Las dos formas son posibles. Uno despierta y se despierta. O duerme y se duerme.


----------



## Brainly

XiaoRoel said:


> Este verbo tiene tres opciones: ser transitivo con OD y posibilidad de diátesis pasiva; intransitivo, sin OD e intransitivo de valor "medio" con el morfema se.
> a) Transitivo: Juan despertó al niño (pasiva, el niño fue despertado por Juan).
> b) Intransitivo: Juan despertó temprano.
> c) Sentido medio: Juan se despertó en medio de una pesadilla.

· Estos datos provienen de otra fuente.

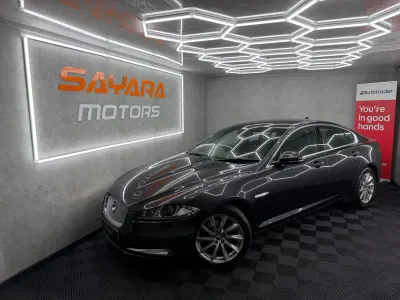 Begagnad Jaguar XF Premium Luxury 200 HK (147 kW) 2013 Grå Sedan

Pero, «Juan despertó en medio de una pesadilla» ¿También es valido?


----------



## mantxi

A mi eso me suena que se despertó dentro de la pesadilla, es decir, que cuando abrió los ojos se dio cuenta de que estaba en la pesadilla, viviéndola (en plan Freddy Krueger).

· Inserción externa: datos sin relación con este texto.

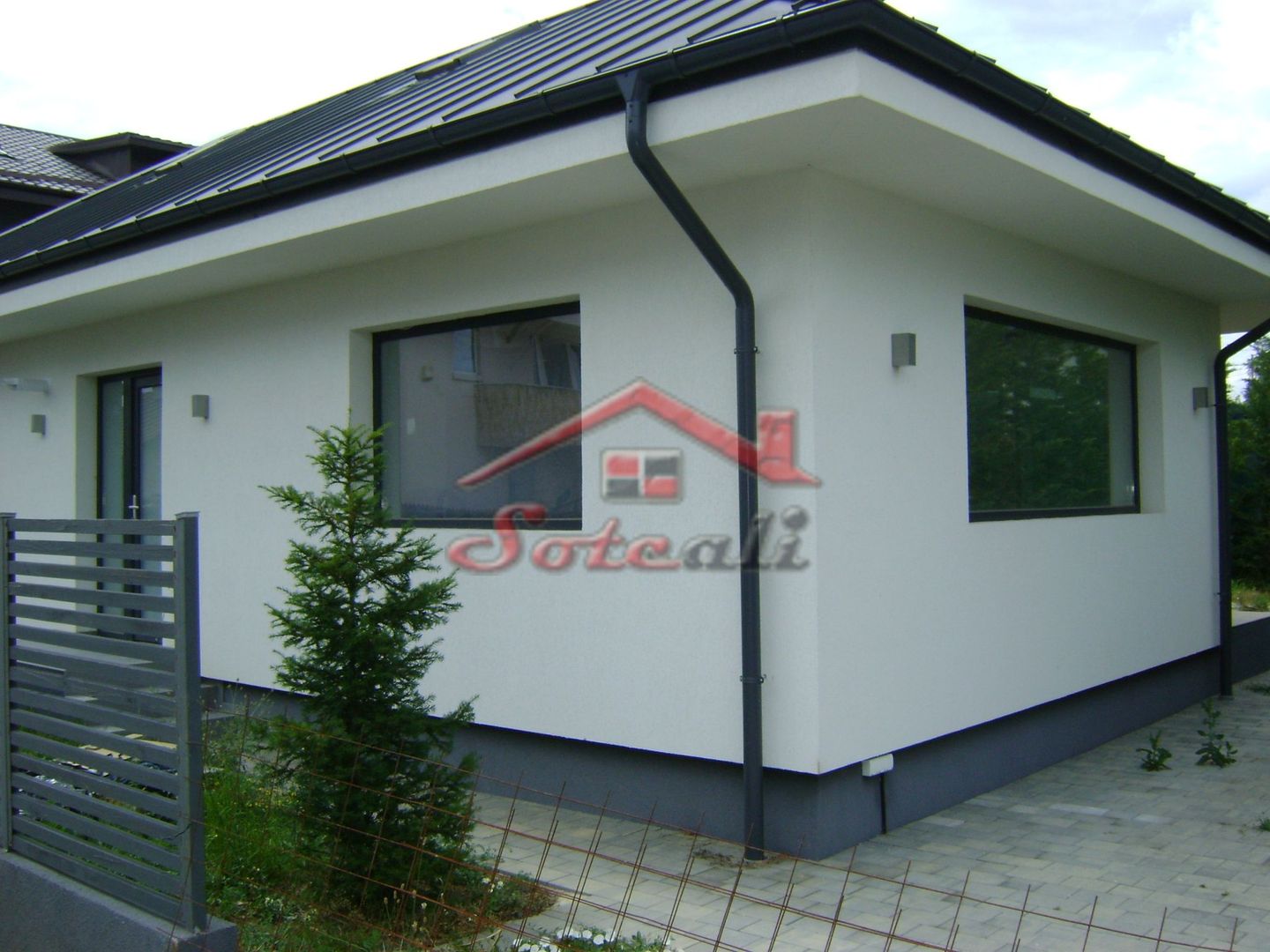 Casă Premium Parter Campina - Poză 1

Pero sí que podría decirse "Juan despertó en un jardín", pero suena un poco narrativo, como algo que pondrías en un cuento pero nunca dirías.


----------



## Pitt

XiaoRoel said:


> b) Intransitivo: Juan despertó temprano.


 
Quisiera saber si también es posible:
_Juan *se *despertó temprano._

Saludos


----------



## Mriog

Pitt said:


> Quisiera saber si también es posible:
> _Juan *se *despertó temprano._
> 
> Saludos


 
Se puede decir perfectamente y a mi me suena mejor la forma reflexiva: " Juan se despertó temprano",
que la intransitiva: "Juan despertó temprano"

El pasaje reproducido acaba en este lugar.